## Problem requirements
Would you please return the lines of the entries below starting at the line that has "Mature couple discussing" and ending at the line that has "Inviting front porch", both included, exactly as they are?

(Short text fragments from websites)
━━━

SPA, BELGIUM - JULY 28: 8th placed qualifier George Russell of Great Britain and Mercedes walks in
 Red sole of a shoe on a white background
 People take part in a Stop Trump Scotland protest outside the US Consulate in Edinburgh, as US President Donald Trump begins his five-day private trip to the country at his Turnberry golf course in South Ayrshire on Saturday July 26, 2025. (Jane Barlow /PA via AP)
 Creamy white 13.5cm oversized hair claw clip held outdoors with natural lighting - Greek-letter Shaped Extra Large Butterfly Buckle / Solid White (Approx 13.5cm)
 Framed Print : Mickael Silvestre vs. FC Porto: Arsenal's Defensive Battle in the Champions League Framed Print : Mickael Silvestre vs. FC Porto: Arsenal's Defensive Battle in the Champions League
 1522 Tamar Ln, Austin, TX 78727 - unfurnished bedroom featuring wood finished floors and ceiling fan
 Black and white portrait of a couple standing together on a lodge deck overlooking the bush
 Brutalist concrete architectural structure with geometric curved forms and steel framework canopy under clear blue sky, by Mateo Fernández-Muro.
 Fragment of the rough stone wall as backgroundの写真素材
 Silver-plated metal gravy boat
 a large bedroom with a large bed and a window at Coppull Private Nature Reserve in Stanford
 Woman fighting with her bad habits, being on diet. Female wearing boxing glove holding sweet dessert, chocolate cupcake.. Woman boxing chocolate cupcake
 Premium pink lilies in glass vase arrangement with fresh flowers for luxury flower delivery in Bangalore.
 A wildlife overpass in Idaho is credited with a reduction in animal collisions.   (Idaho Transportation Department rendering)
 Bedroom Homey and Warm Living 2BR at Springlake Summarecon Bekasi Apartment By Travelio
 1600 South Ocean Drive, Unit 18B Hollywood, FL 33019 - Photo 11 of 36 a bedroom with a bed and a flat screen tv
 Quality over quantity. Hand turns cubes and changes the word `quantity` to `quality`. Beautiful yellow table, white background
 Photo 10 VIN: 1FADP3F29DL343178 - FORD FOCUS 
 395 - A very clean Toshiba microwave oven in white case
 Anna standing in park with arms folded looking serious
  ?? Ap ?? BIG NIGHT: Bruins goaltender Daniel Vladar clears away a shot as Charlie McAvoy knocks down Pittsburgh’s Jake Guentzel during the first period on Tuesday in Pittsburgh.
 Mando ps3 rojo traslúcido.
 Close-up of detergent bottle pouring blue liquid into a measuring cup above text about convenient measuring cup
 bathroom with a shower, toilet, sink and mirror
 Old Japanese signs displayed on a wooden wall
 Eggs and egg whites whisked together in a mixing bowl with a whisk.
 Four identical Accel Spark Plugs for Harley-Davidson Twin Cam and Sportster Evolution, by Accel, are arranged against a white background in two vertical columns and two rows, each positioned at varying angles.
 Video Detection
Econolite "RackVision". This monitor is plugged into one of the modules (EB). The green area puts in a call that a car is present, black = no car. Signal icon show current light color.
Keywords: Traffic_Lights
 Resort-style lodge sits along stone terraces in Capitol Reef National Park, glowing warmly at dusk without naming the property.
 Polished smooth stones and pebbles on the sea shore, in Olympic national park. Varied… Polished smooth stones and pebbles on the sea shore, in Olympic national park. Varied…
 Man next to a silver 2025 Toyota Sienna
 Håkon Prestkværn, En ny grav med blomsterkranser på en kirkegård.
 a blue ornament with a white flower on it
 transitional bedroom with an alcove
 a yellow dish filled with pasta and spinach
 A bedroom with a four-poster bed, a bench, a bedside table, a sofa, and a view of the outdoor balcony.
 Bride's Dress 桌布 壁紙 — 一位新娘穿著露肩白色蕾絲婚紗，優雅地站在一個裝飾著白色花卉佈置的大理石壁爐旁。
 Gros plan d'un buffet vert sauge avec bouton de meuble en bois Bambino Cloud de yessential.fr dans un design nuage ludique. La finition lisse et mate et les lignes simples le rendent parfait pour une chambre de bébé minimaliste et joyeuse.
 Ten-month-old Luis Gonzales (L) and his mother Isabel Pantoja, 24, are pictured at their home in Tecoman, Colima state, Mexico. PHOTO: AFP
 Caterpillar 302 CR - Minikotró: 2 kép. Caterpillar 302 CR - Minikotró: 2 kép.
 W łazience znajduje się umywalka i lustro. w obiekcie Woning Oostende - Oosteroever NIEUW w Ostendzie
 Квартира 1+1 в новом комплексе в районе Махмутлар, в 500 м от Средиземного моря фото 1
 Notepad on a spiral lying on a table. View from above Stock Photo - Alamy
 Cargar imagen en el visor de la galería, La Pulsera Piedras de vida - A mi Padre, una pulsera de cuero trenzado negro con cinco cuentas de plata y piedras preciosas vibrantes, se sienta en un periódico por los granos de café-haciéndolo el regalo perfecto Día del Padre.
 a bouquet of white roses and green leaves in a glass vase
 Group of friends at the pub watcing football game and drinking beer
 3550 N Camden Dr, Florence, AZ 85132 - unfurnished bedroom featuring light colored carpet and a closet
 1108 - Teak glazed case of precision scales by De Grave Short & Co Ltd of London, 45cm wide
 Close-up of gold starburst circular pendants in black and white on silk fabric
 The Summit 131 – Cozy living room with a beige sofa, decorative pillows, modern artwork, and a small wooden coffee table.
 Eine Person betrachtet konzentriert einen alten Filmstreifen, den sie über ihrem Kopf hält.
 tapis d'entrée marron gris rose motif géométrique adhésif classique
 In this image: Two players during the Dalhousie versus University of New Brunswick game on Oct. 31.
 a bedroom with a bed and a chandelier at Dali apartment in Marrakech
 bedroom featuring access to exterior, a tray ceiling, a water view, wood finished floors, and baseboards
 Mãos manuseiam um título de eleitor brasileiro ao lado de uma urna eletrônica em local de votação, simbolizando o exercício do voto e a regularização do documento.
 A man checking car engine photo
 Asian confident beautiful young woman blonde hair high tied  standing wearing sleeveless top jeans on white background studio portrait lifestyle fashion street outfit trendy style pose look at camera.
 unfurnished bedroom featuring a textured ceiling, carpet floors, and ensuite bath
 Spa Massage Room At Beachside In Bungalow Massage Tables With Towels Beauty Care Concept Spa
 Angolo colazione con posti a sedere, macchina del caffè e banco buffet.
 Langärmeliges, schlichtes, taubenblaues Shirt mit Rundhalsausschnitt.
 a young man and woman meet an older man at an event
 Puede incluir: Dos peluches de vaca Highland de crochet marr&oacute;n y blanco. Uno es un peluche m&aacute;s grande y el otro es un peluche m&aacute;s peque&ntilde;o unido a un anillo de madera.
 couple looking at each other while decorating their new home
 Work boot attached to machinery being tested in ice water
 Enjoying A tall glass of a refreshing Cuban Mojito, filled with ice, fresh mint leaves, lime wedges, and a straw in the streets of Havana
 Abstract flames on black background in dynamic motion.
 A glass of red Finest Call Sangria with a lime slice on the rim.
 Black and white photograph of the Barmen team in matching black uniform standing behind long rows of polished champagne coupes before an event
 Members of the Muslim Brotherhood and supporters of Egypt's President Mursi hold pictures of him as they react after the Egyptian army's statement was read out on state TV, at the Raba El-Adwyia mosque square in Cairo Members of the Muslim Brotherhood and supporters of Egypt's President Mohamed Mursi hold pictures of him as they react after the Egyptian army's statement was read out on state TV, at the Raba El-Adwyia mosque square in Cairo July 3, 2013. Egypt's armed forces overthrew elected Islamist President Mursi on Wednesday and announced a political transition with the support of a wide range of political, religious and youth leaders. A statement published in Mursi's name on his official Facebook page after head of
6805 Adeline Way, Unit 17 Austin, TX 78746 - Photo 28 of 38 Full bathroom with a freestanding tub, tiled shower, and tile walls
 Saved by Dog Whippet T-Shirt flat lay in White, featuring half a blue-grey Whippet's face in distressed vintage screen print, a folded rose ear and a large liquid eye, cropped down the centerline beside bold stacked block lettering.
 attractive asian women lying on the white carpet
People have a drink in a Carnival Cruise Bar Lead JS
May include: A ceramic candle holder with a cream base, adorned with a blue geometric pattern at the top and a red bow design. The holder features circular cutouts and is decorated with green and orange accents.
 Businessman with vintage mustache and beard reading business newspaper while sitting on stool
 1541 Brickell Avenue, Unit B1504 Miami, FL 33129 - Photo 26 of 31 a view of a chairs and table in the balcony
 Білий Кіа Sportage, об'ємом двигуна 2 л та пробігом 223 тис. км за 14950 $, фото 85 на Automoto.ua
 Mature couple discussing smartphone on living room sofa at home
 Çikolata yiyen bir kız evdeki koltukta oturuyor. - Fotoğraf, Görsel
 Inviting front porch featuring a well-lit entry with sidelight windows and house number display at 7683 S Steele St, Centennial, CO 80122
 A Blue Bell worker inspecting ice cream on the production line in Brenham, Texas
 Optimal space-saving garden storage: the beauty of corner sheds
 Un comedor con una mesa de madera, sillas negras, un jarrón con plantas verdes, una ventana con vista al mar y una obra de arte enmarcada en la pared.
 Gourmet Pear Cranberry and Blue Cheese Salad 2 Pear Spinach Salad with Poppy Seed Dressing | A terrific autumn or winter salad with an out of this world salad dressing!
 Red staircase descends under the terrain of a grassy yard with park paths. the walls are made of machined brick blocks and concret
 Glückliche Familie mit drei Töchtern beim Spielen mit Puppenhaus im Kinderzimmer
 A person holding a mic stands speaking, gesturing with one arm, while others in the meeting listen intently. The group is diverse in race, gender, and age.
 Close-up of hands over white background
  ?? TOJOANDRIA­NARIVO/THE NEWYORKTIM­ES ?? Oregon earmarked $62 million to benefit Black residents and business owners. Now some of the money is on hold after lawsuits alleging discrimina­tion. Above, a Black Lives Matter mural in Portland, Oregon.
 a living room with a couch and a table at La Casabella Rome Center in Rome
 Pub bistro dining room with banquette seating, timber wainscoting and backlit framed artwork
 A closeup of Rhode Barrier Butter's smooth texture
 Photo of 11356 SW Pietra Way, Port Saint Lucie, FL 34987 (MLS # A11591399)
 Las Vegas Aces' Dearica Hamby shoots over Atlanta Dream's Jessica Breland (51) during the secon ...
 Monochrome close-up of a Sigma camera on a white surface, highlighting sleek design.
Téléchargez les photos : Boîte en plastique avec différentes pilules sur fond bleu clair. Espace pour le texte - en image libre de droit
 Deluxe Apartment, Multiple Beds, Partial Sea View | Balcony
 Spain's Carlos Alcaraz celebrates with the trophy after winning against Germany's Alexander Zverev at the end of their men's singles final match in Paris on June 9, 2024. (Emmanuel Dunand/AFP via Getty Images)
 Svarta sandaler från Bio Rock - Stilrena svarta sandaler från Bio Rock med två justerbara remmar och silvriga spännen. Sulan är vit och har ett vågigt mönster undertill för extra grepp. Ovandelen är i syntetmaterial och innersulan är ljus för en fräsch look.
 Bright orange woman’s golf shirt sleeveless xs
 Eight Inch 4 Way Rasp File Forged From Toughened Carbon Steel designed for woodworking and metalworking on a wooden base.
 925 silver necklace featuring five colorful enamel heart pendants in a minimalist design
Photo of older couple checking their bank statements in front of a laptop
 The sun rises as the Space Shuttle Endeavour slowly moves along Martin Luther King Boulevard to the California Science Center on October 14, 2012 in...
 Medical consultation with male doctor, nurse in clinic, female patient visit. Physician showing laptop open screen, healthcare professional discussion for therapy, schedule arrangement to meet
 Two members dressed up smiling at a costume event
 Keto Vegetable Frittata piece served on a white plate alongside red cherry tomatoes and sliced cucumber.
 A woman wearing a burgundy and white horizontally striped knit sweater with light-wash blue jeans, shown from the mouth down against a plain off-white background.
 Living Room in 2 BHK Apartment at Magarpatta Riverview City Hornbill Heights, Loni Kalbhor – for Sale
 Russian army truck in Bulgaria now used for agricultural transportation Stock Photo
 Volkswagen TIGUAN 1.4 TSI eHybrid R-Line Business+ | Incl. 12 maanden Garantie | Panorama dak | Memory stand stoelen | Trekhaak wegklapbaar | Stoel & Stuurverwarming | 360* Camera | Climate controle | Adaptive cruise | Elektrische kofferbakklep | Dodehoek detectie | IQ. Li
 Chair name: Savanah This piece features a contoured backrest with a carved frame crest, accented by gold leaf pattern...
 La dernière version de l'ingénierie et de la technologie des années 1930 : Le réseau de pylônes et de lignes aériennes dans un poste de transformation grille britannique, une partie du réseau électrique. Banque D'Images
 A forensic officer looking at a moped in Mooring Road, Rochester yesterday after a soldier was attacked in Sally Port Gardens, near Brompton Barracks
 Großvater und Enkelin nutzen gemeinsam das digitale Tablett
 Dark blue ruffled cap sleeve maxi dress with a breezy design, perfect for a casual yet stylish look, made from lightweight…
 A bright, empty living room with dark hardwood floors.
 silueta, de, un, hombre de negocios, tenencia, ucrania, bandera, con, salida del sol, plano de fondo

━━━

## Output
 Mature couple discussing smartphone on living room sofa at home
 Çikolata yiyen bir kız evdeki koltukta oturuyor. - Fotoğraf, Görsel
 Inviting front porch featuring a well-lit entry with sidelight windows and house number display at 7683 S Steele St, Centennial, CO 80122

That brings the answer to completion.